One of the many things that displease Kanye West: Barack Obama repeatedly referring to him as a “jackass” (including in the pages of The Atlantic). "I don't care if somebody the president or not,” he said this week. “I care about thoughts, and how you helpin' people, and what you bring to the world. My music brings joy to people. What I create brings joy to people, and I'm about people.”
West’s many skeptics probably find a boast like that to be pretty rich—more evidence, in fact, for the “jackass” reputation. Even his supporters might look askance at the statement. “Joy” is not what one thinks of when listening to his abrasive and vulgar new album, Yeezus.
Yet West remains more self-aware than many people want to credit him for.
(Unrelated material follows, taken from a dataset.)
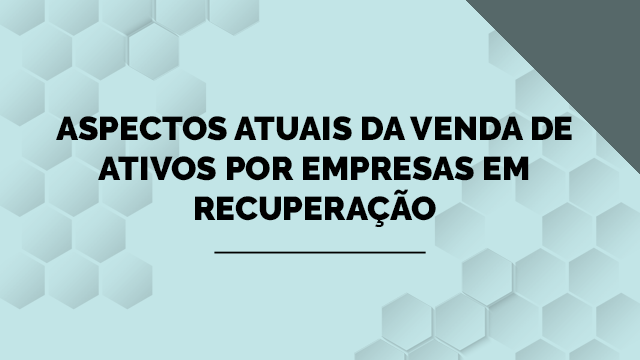 Aspectos atuais da venda de ativos por empresas em recuperação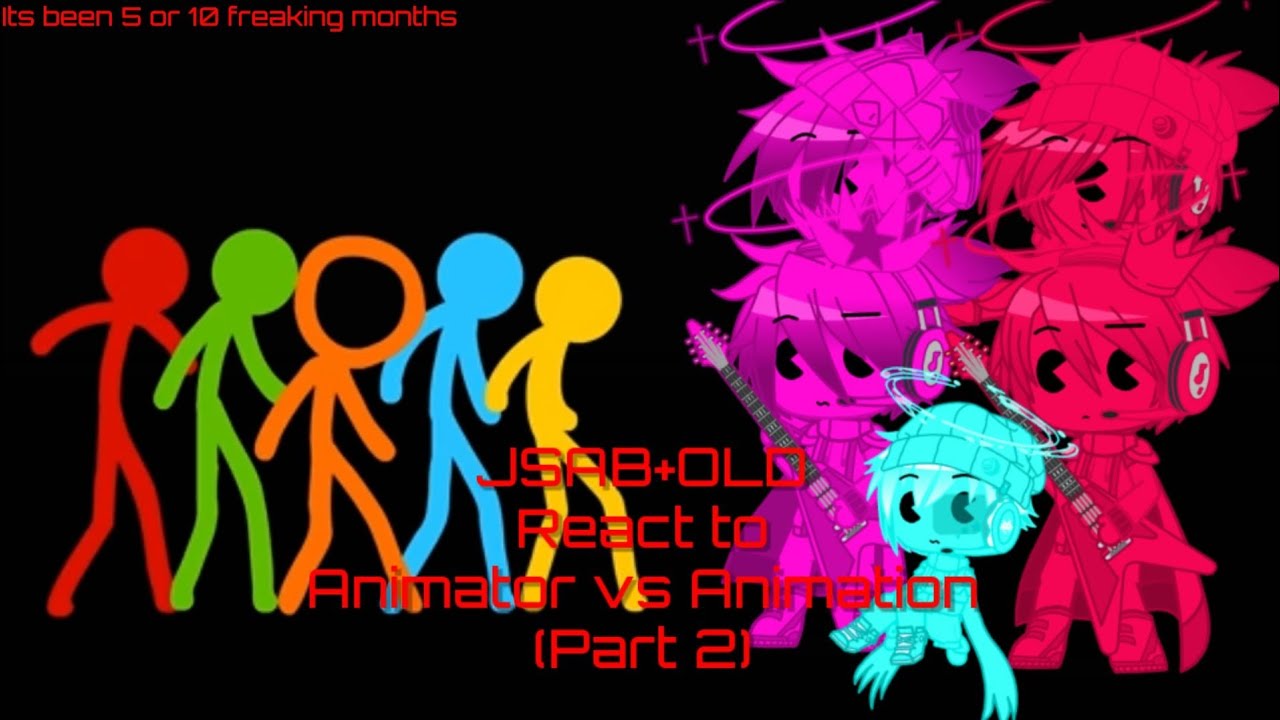 JSAB+OLD React to Animator vs Animation (part 2(its been 5 or 10 months))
Today he took to Ellen to unveil his new video, “Bound 2.” There’s something amiss if it doesn’t inspire at least a touch of joy:
Inspirational-video American west scenery; Kanye in a ripped tie-dye tee on the back of a motorcycle entwined with a topless Kim Kardashian—the appropriate reaction here is to laugh both with and at what’s going on.
He’s trolling, of course. In the accompanying interview with Ellen, referring to his sports-arena marriage proposal, he talked about knowing what “taste” meant and wanting to reject it. He’s also making art, though. The dreamy, sexual, blatantly metaphorical clip—two lovers on a highway to infinite bliss—sums up “Bound 2,” which closes a nightmarish-sounding album about polygamous sexcapades with a sweet, soulful, and yet still lewd ode to monogamous commitment. It's jokey but not a joke. As Slate's Forrest Wickman puts it, "Love makes people do silly things."
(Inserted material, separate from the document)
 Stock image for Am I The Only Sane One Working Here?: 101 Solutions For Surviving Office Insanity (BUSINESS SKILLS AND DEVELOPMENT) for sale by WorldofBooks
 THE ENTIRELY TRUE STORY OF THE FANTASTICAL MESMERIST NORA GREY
There are other appropriate reactions. Like, Kanye, if you adore this girl maybe don’t reduce her to a hood ornament? But the overwhelming feeling the video’s meant to induce is WTF glee—the same emotion that comes with the electro-plasma chainsaw noises that open Yeezus, or the gargantuan mountain that he’s been bringing on stage lately, or the fact that he decided to premiere his new video on Ellen. Scowling, problematic, vain, and profane West remains, but he's also also, above all, a delight.